─── Extracted material ───

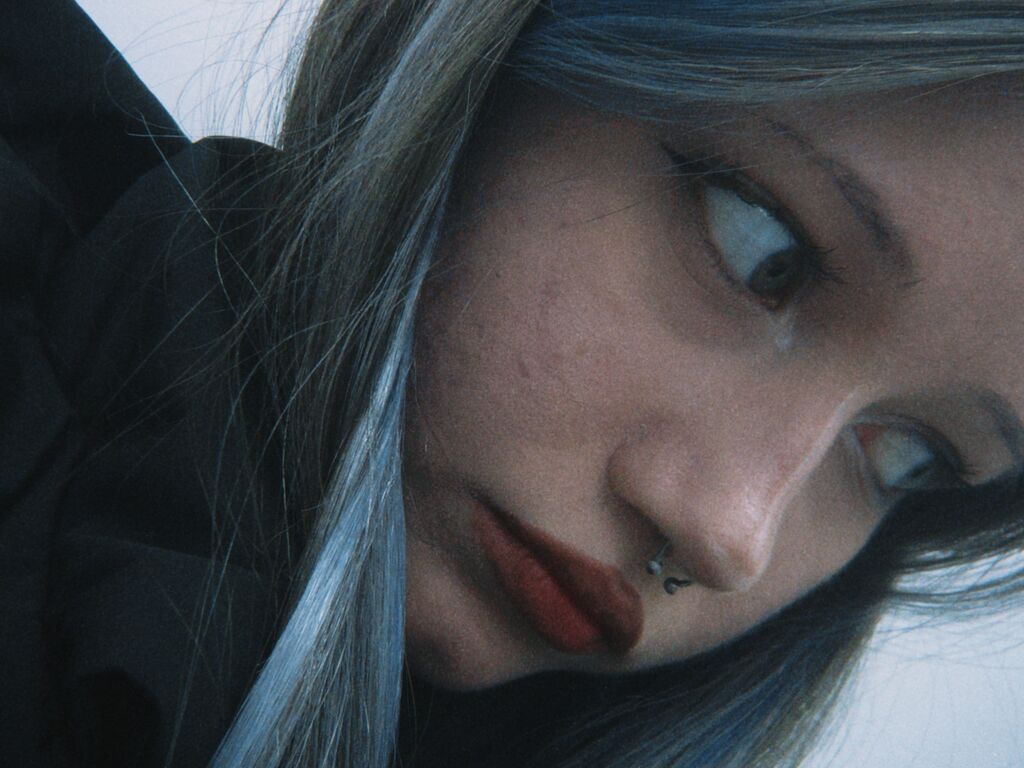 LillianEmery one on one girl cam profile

───
─── Extracted material ───

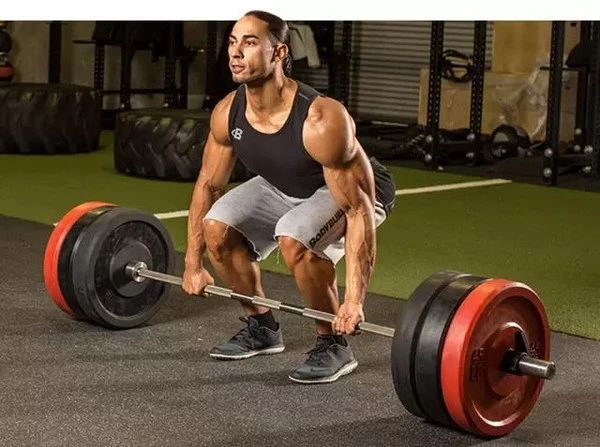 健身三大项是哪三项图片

───
─── Extracted material ───

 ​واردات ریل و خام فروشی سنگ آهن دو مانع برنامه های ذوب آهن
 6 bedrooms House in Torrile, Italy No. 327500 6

───

• [What this task involves] Take the stretch of lines above from the one containing "های ذوب آهن" through the one containing "6 bedrooms House" and repeat it exactly, adding no other line.

• [Task output]
 ​واردات ریل و خام فروشی سنگ آهن دو مانع برنامه های ذوب آهن
 6 bedrooms House in Torrile, Italy No. 327500 6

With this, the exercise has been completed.